■ RECORDED DATA ■
━━━━━━━━━━━━━━━━

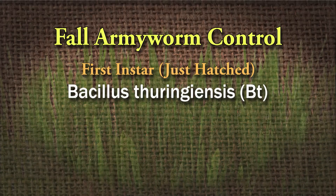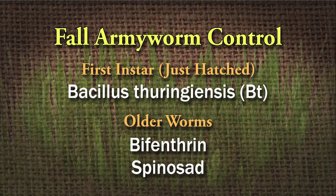So if they move to your Bermuda lawn, there are a couple of chemicals you can use. I like the safer chemicals — Bt, Bacillus thuringiensis, which is a naturally occurring bacteria that you can use. But you will have to catch those fall armyworms in the first instar. Once they get beyond that first instar, then you're going to have to use products like bifenthrin. Spinosad is something you can also use.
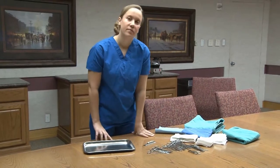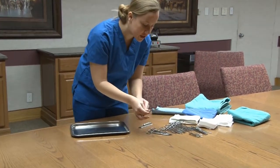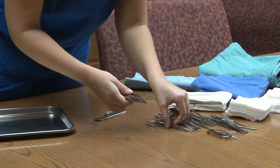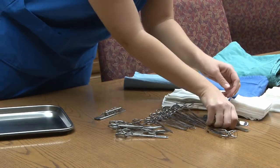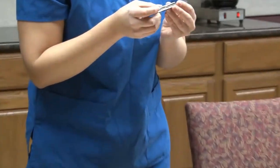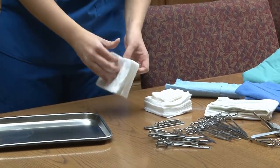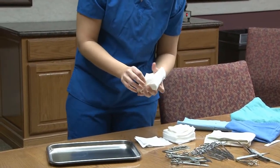Before loading the pack, the student counts all instruments, gauze sponges, suture needles, and other material. I'm counting the instruments to make sure I know how many I have so that when I'm finished with surgery, I can ensure that no instruments have been left inside the patient. I count the needles as well, and then my gauze sponges. Gauze sponges are an item that has commonly been left behind in patients and can cause really bad issues, so you want to pick each one up and count it individually.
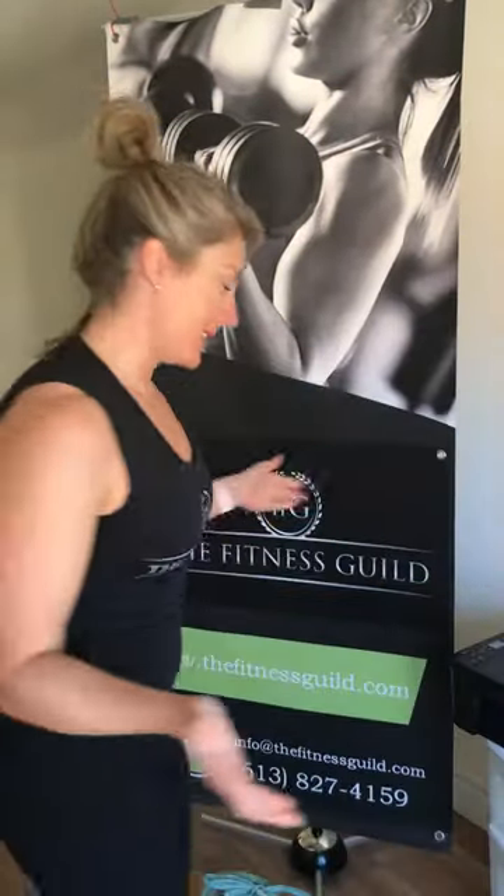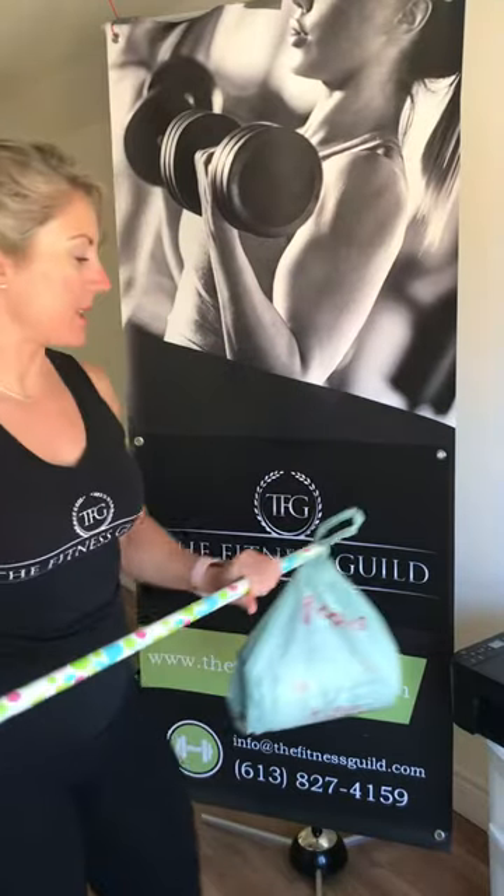Another option for you is to grab yourself a broomstick and tie some plastic bags to the ends, and then you've got a barbell. I've got my protein powder containers in here — some empty ones that I just filled up with water. You can use whatever you want: sand, dirt from your garden, or throw some extra soup cans in there for added weight.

━━━━━━━━━━━━━━━━

■ PROBLEM STATEMENT ■
Your copy should match the material above exactly, minus its pictures.

■ YOUR RESPONSE ■
So if they move to your Bermuda lawn, there are a couple of chemicals you can use. I like the safer chemicals — Bt, Bacillus thuringiensis, which is a naturally occurring bacteria that you can use. But you will have to catch those fall armyworms in the first instar. Once they get beyond that first instar, then you're going to have to use products like bifenthrin. Spinosad is something you can also use.
Before loading the pack, the student counts all instruments, gauze sponges, suture needles, and other material. I'm counting the instruments to make sure I know how many I have so that when I'm finished with surgery, I can ensure that no instruments have been left inside the patient. I count the needles as well, and then my gauze sponges. Gauze sponges are an item that has commonly been left behind in patients and can cause really bad issues, so you want to pick each one up and count it individually.
Another option for you is to grab yourself a broomstick and tie some plastic bags to the ends, and then you've got a barbell. I've got my protein powder containers in here — some empty ones that I just filled up with water. You can use whatever you want: sand, dirt from your garden, or throw some extra soup cans in there for added weight.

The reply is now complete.